With years of playing with other local bands under their belts, the four guys in the ska-flavored rock group Savage Henry decided they were compatible after the singer dumped a beer in guitar player Stuart Miller’s lap on their first night out together.
In the year since, Savage Henry pooled such influences as 311, Dispatch and Tenacious D to craft “All In,” an album triumphantly released before the Aug. 9 screening of “The Goonies” during Film on the Rocks. We caught up to Miller, a private music teacher with the Colorado Drum Institute, to chat about Savage Henry’s guarantee that 98 percent of the people who see them live will have fun.

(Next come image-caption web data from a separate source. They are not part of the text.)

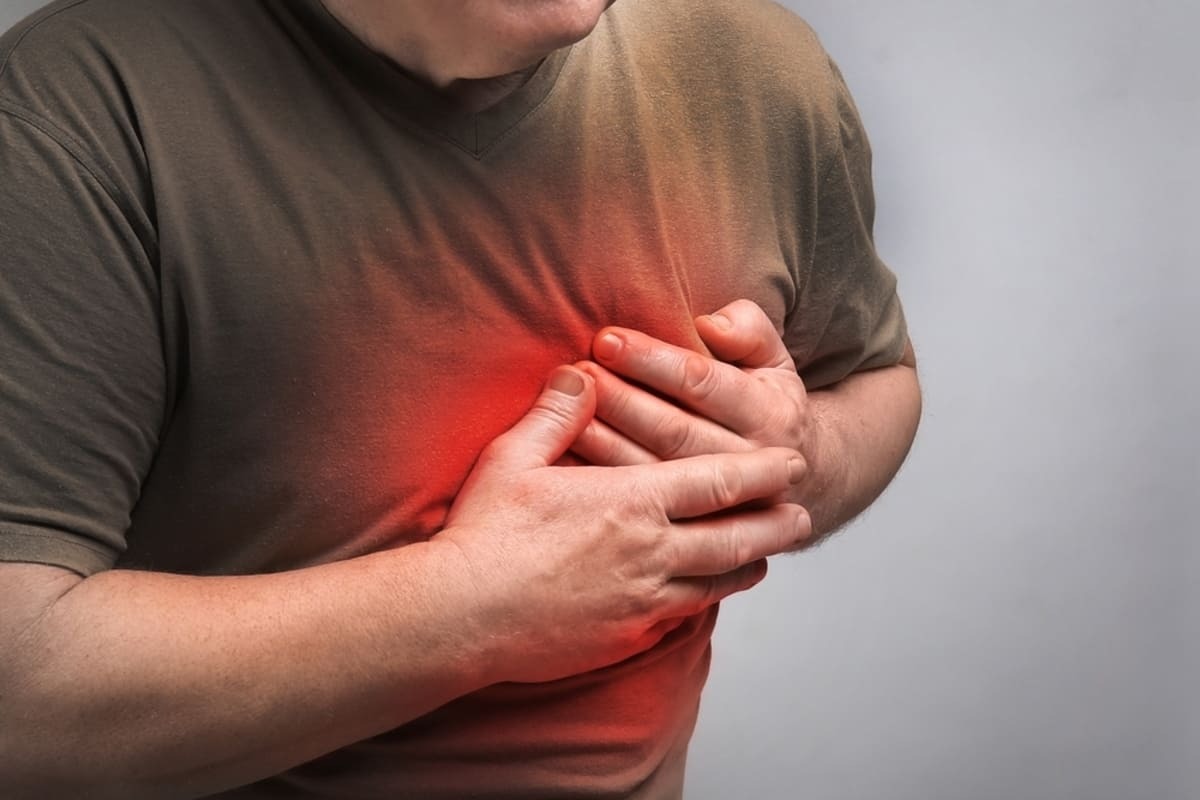 bărbat care prezintă simptome de infarct miocardic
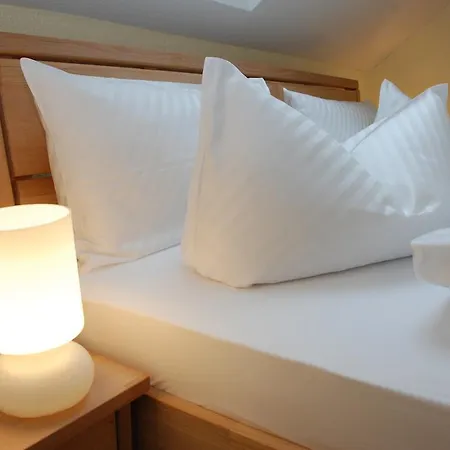 Altes Pfarrhaus Hotel *
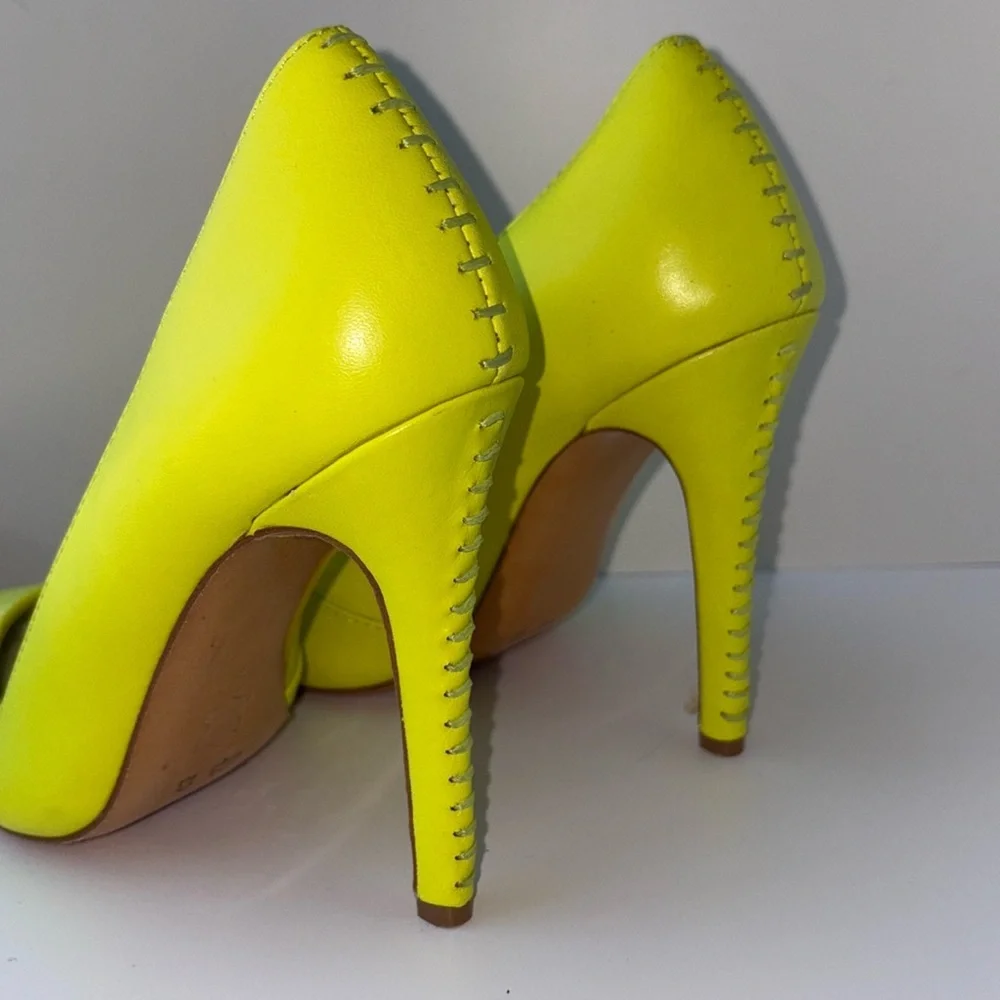 Alice + Olivia Dina Heel In Lime Punch - Picture 7 of 10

Q: Who is Henry and what makes him so savage?
A: It’s actually a character from “Fear and Loathing in Las Vegas,” chapter 3, page 19: “My Attorney hunched around to face the hitchhiker. ‘The truth is,’ he said, ‘we’re going to Vegas to croak a scag baron named Savage Henry.”‘
I guess he was a guy Hunter (Thompson) knew in the 1960s, and he wasn’t very pleasant but had a really hot wife. …
When we first got together, our lead singer (Damon Guerrasio) came in with four or five songs. What happened after the band got together is we totally changed the personality of those songs. So that title just seemed to fit our music, even though people always ask why there’s no guy in the band named Henry.
Q: Is the Las Vegas look of your album cover and website also a “Gonzo” tribute, or is the idea that whatever happens at Savage Henry shows, stays at Savage Henry shows?
A: It depends on the venue! It’s funny because there are really two sides to Vegas, the family side and the gambling/drugs/ prostitution side. It’s a melting pot of stuff, and so is our music.
The Vegas theme actually came from the title of our record, “All In.” We feel like this might be our last chance to make something happen in music so that’s what we’re doing, we’re throwing it all in the pot. We thought it would be funny to show a guy (on the album cover) with a really bad poker hand putting all his chips in the pot.
Q: Did any of you feel like Bono in “Under a Blood Red Sky” after releasing your CD at Red Rocks Amphitheatre?
A: Well, I play the guitar so maybe a little more like The Edge. We actually did our sound check that day and our drummer (Mike Rice) started playing “Sunday Bloody Sunday.” But just like the sign in the guitar shop in the movie “Wayne’s World” that says “No Stairway to Heaven,” there’s a big sign on the back of my amplifier that says “No Sunday Bloody Sunday Allowed.” By the same right, I’m not allowed to play “Freebird” or “Smoke on the Water.”
It was an incredible show. It was sold out and we had a big group of people dancing down in front of the stage. Driving home that night, I heard someone blasting our CD in their car. That was the high point for me.
Savage Henry plays Southside Johnny’s in Colorado Springs next weekend, the South Park Music Festival on Sept. 8, The Old Dillon Inn in Dillon Sept. 30 and Oct. 1, and Quixote’s in Denver on Oct. 6.